Commodity Pair definition
Currencies that are correlated with certain commodity prices are called commodity currencies. And when these currencies are generally paired with USD, they are referred to as commodity pairs.
Why is understanding the Commodity Pair important for traders?
- Understanding the correlation between currencies and different commodities can greatly improve your market analysis.
- Trading commodity pairs might give you an advantage when placing trading orders.
- When you understand the different aspects that make up the currency price, the less blind decisions you make.

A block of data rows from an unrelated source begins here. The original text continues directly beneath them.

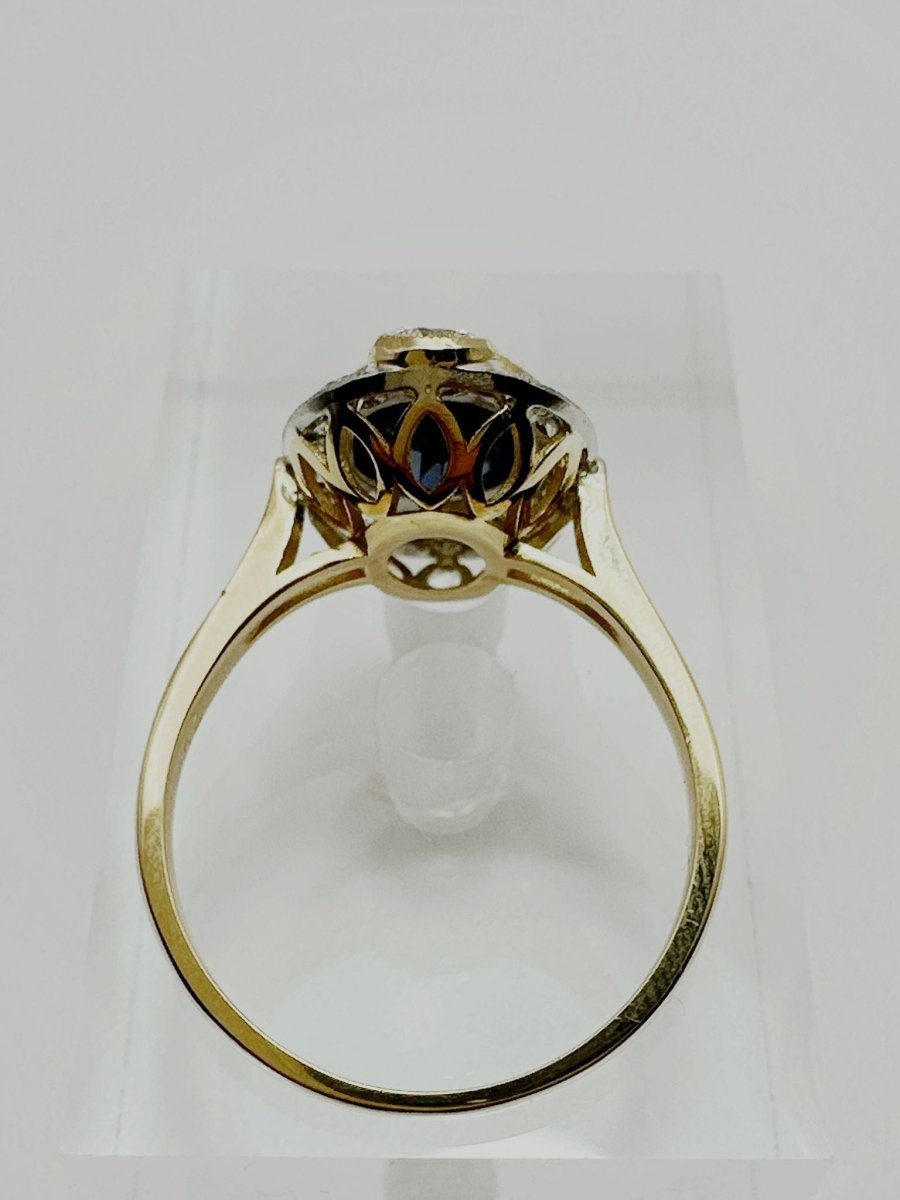 ANILLO DE ZAFIRO AZUL Y DIAMANTES EN ORO AMARILLO CON VISTAS EN PLATINO - Castafiore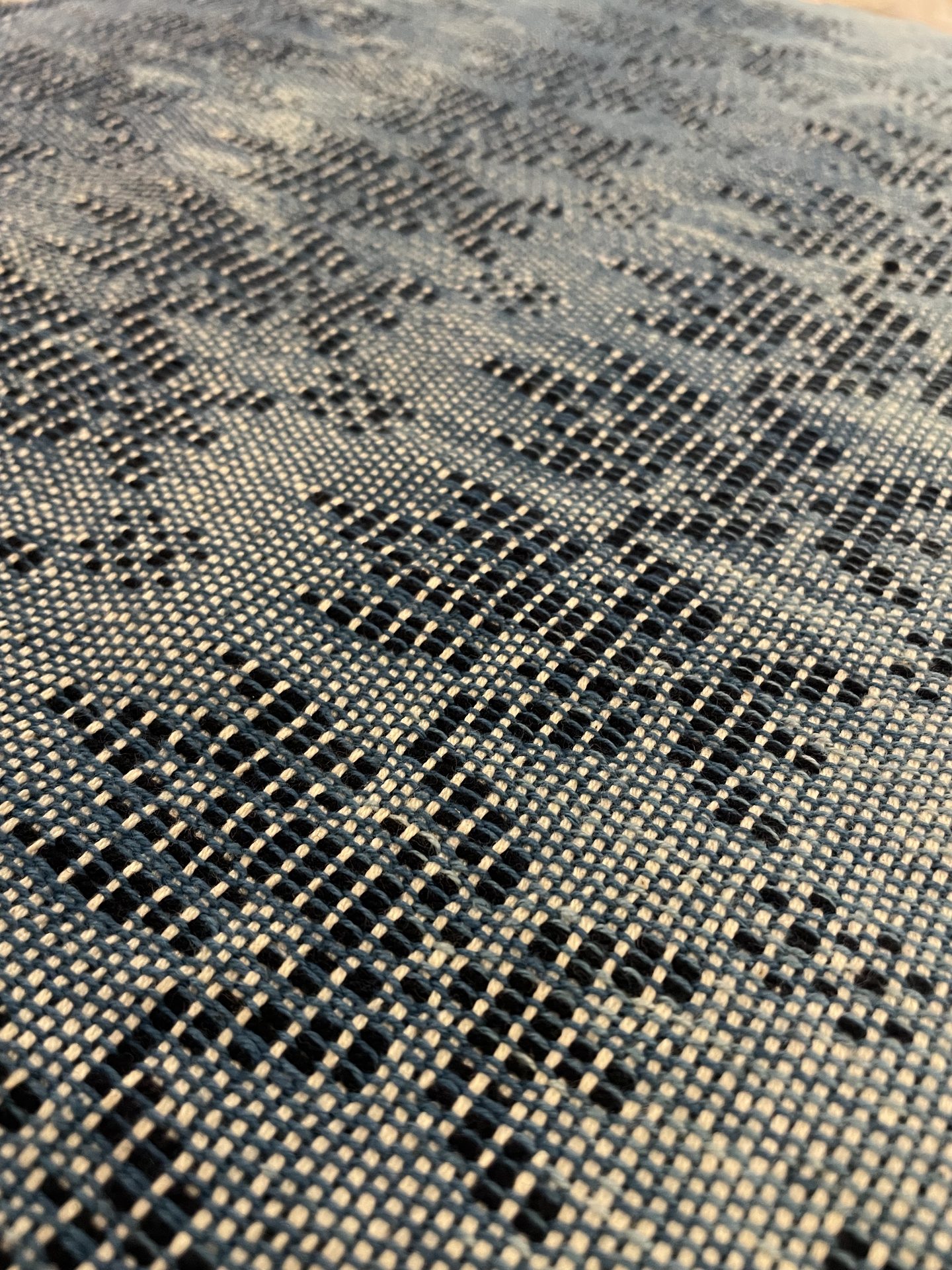 Woven chikh detail in blue and grey diamond pattern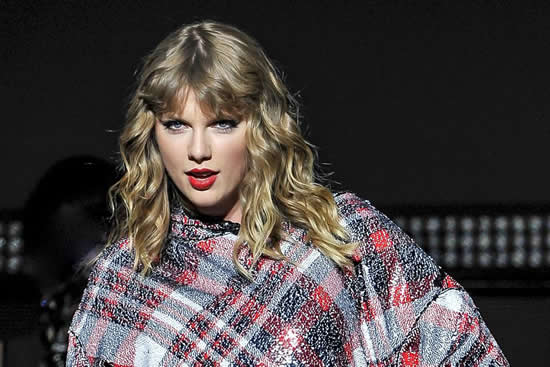 歌手泰勒·斯威夫特 (Taylor Swift) 现在的表演成绩为 99.7！在 SAP 上展示 POPTOPIA 中心于 2017 年 12 月 2 日在加利福尼亚州圣何塞举行。（史蒂夫詹宁斯/WireImage摄） 线象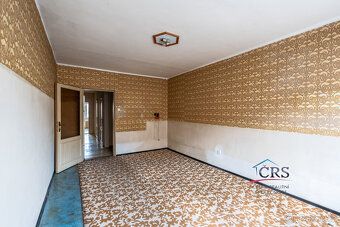 Nabízíme k prodeji prostorný byt o dispozici 4+kk a podlahov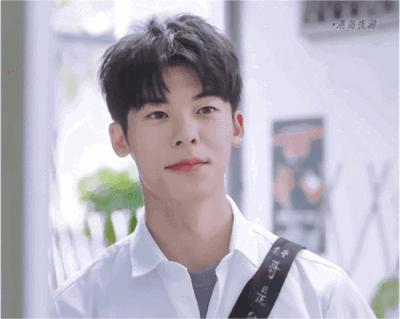 他的脸，怎么突然这么硅胶了？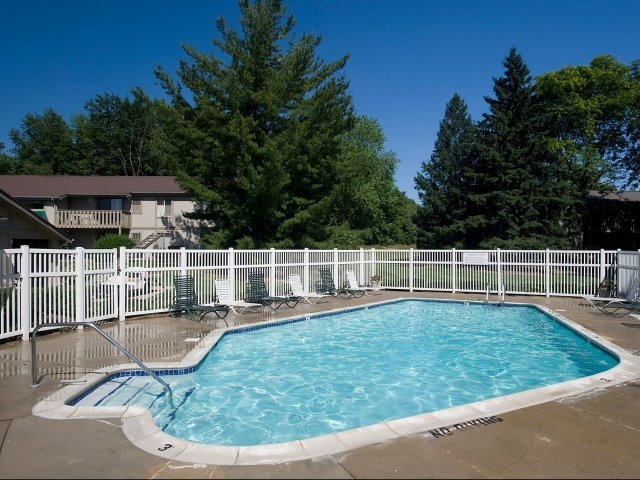 amenities at Maple Park Terraces apartment living in Flint, Michigan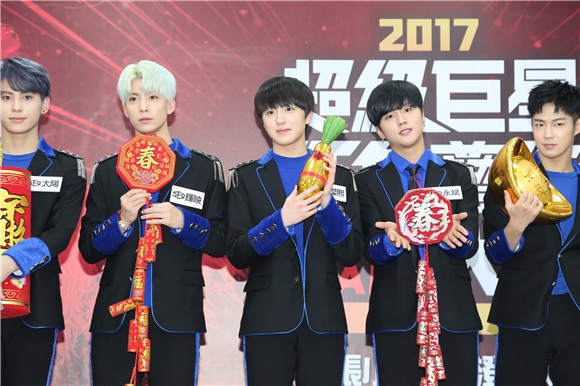 韩团SF9出席2017超级巨星红白艺能大赏记者会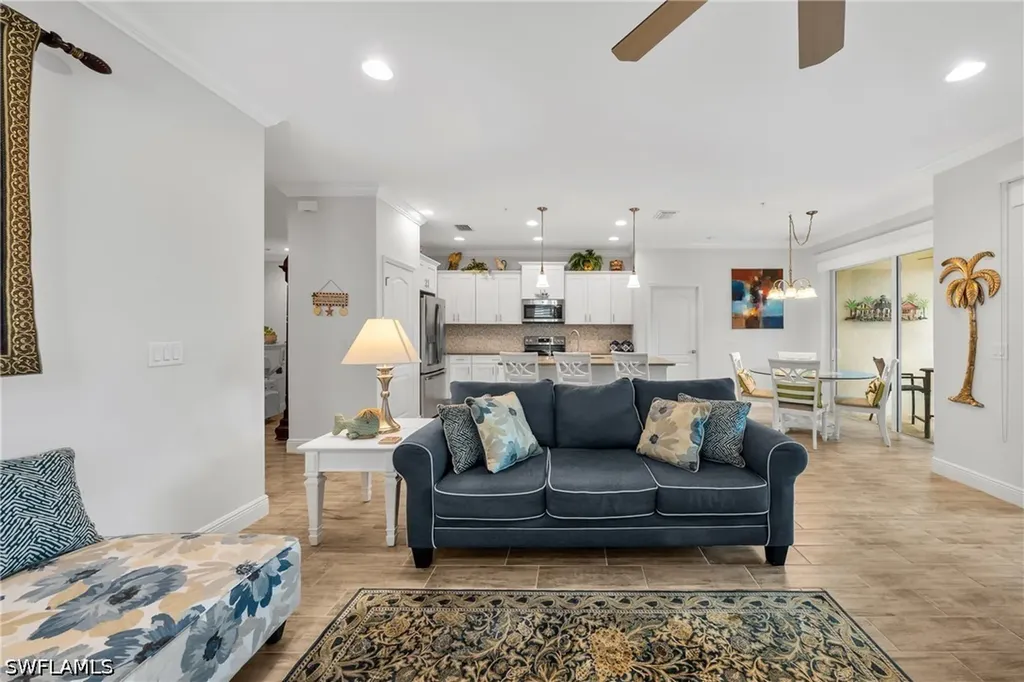 6981 Avalon Circle Naples FL 34112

Thorough Commodity Pair Explanation
Commodities are raw materials that are mined or grown. Some countries and their economies are heavily influenced by price fluctuations on Oil, Sugar, Wheat and other commodities. Currencies are like mirrors that reflect the health of certain economies rapidly.
Commodity prices are affected by global demand and supply. High demand translates into high prices and vice versa.. Learning how commodity prices are affected and conducting technical and fundamental analysis on certain commodities can enable you to trade certain currency pairs as well. As some currencies and some commodities are closely tied to each other.

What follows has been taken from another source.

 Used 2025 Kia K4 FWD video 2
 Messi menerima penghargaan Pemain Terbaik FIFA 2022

Example of Commodity Pairs in Forex
Opec countries and their economies like Saudi Arabia and Russia are heavily dependent on Oil and natural resources. However, their currencies are mildly correlated with commodity prices due to the fact that governments strictly control domestic currency valuation.
On the other hand currencies like Australian Dollar (AUD), Canadian Dollar (CAD) and New Zealand Dollar (NZD) are among top commodity currencies.
USD/CAD
This commodity pair informally is also known as “loonie”. Canada produces a lot of Oil and Timber and both commodities heavily influence the currency price. In addition ¾ of Canada’s exports are consumed by the USA and both economies are closely correlated with each other.
AUD/USD
The pair is informally also known as “Aussie”. Australia is rich in natural resources, mainly coal and iron. Australia is also rich in Gold and Petroleum. Global price changes for these commodities can greatly affect the AUD/USD pair.
NZD/USD
The New Zealand Dollar and USD pair is also known as “kiwi”. New Zealand exports a large amount of dairy products, meat and wool. Furthermore, the country is rich in gold.
Investors base their fundamental analysis on commodity prices when investing in certain currency pairs. As a result, correlation only grows between certain currencies and commodities.
FAQs on Commodity Pair in Trading
Is it worth it to trade a commodity pair?
It’s certainly worth learning about the correlation between commodities and currencies. What’s more, some currency pairs like EUR and GBP are highly correlated with each other. The more you know in the markets, the better trading decisions you can make. But ultimately the answer to the question whether you should be trading commodity pairs or not, depends on the individual.
What does a commodity pair mean in Forex?
Some currency prices are highly correlated with certain commodity prices. These currencies when usually paired with USD are referred to as commodity pairs. AUD/USD, NZD/USD, and USD/CAD are among the top traded commodity currencies.